Columnist Francesco Guerrera takes a broad look at the realignment of trading in the bond market. New regulations (Volcker, Basel, etc.) have traditional Wall Street dealers “dumping bonds like there is no tomorrow” since they are “less willing to make a market and lubricate the system.” The resultant higher trading costs imply higher eventual borrowing costs for companies, hard as that may be to imagine at the moment given how cheap money is for corporates (see cov-lite item above). Meanwhile, other players like BlackRock, exchange operators and hedge funds are creating alternative trading platforms to cut out or replace the Street’s middlemen.
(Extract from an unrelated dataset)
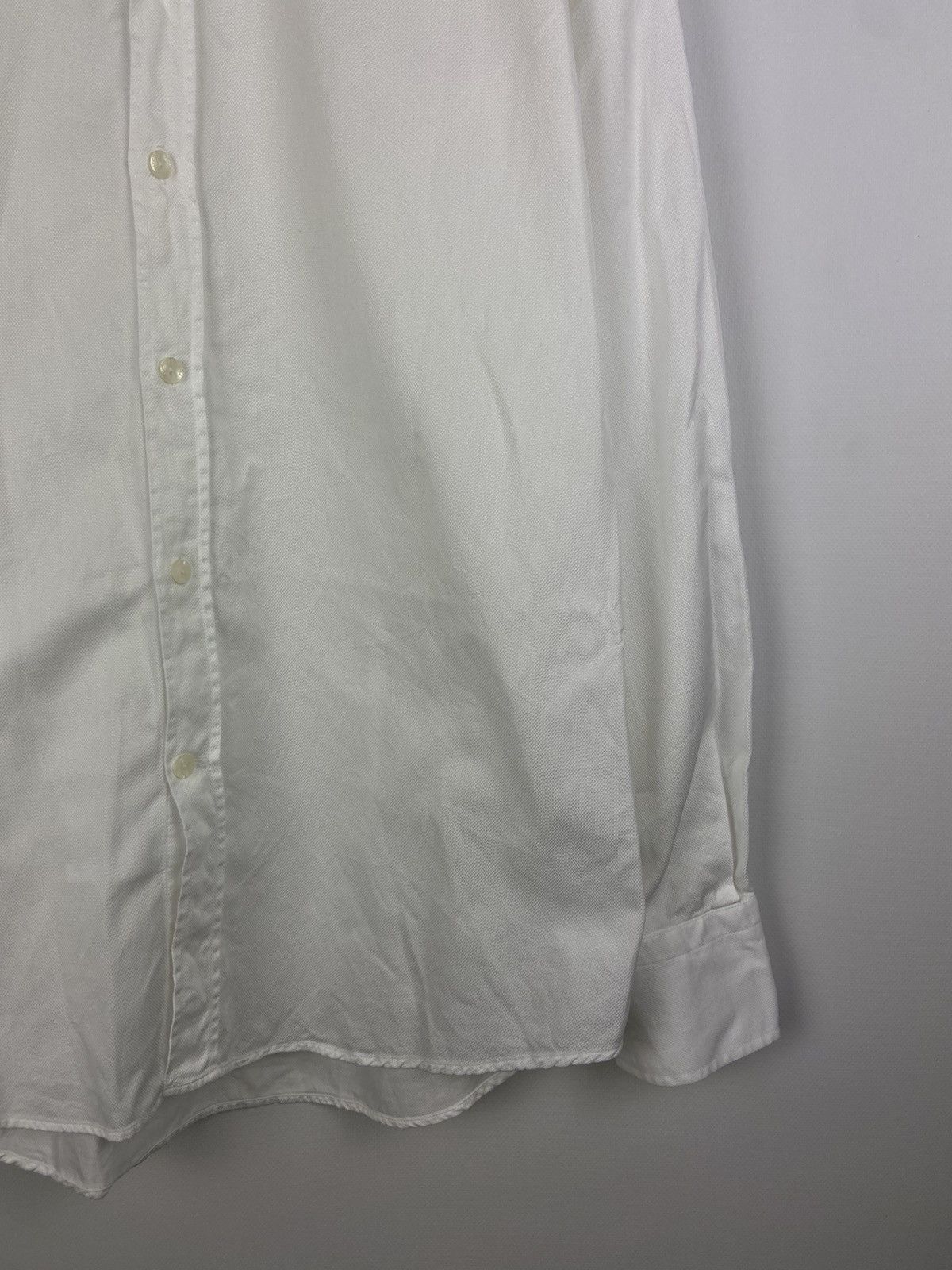 Versace Vintage Versace Collection City White Luxury Shirt Size US M / EU 48-50 / 2 - 7 Thumbnail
Executive and employee turnover at Fannie Mae and Freddie Mac is making it harder and harder for the government-run companies to function, the Journal reports. Managers and rank-and-file employees are leaving in droves because of compensation concerns (lawmakers are scrutinizing workers’ pay, and Freddie has already replaced performance-based pay with a fixed salary), conflicting objectives (supporting the housing market versus controlling losses) and low morale. “The companies' brands are toxic. Many employees say they often take pains to avoid telling people where they work, and swap stories about being met with hostility at Little League baseball games or social gatherings when people learn who their employers are.” Cleaning up other people’s messes is often a thankless job, and the only consolation we can think of for those still toiling at the GSEs is a quote from another famous Freddie: “What does not kill me, makes me stronger.” And in this case, perhaps more marketable for a higher-paying job in the private sector.

Financial Times

Satyajit Das takes a skeptical look at the hybrid instruments known as contingent convertible securities. They might help banks satisfy regulators’ new capital requirements at a lower cost, but from the investor’s perspective, they’re dicey, Das writes.

Cue the spooky theremin music. An FT editorial says that by requiring traditional banks to hold more capital, “Basel III and Dodd-Frank have, in effect, formed near ideal conditions for shadow banking — be it in wholesale finance (hello GE) or, in the real economy, in peer-to-peer and even payday lending.” Despite the eerie connotation of the term, shadow banking has its merits along with its dangers, the paper’s editorialists write. Regulators should focus “only on areas of shadow banking where risk concentrations can be systemically or socially detrimental,” such as the repo market.

New York Times

Despite all those DealBook stories we’ve read that reported the financial crisis and the Occupy movement have made it harder for Wall Street firms to recruit on campuses, guest writer Laura Newland says the opposite is true. This is not a welcome conclusion to her. “Unless our policy makers provide incentives to students to pursue more productive careers, Wall Street’s cachet will continue to highlight one of society’s ills: we charge heftily for an education, and then foolishly expect the educated to use their diplomas for the benefit of society.” (Newland’s a management consultant by the way; “at Duke, I was quickly seduced by a Wall Street recruiting machine that is reshaping the culture of higher education and diverting the career paths of our best and brightest.”)

Elsewhere ...

Charlotte Business Journal: A city ordinance that was passed to beef up security for this summer’s Democratic convention will be put into practice sooner — for the annual shareholder meetings of Duke Energy Thursday and Bank of America next week, both of which are likely to be protested by environmental and Occupy groups. Among other “extraordinary” measures, “law enforcement will be given broader powers during these events to search backpacks, coolers, satchels and messenger bags. That includes briefcases and carry-on luggage — the kind with wheels often used by lawyers to transport reams of documents.” Counsel is advised not to pack any documents related to SEC matters.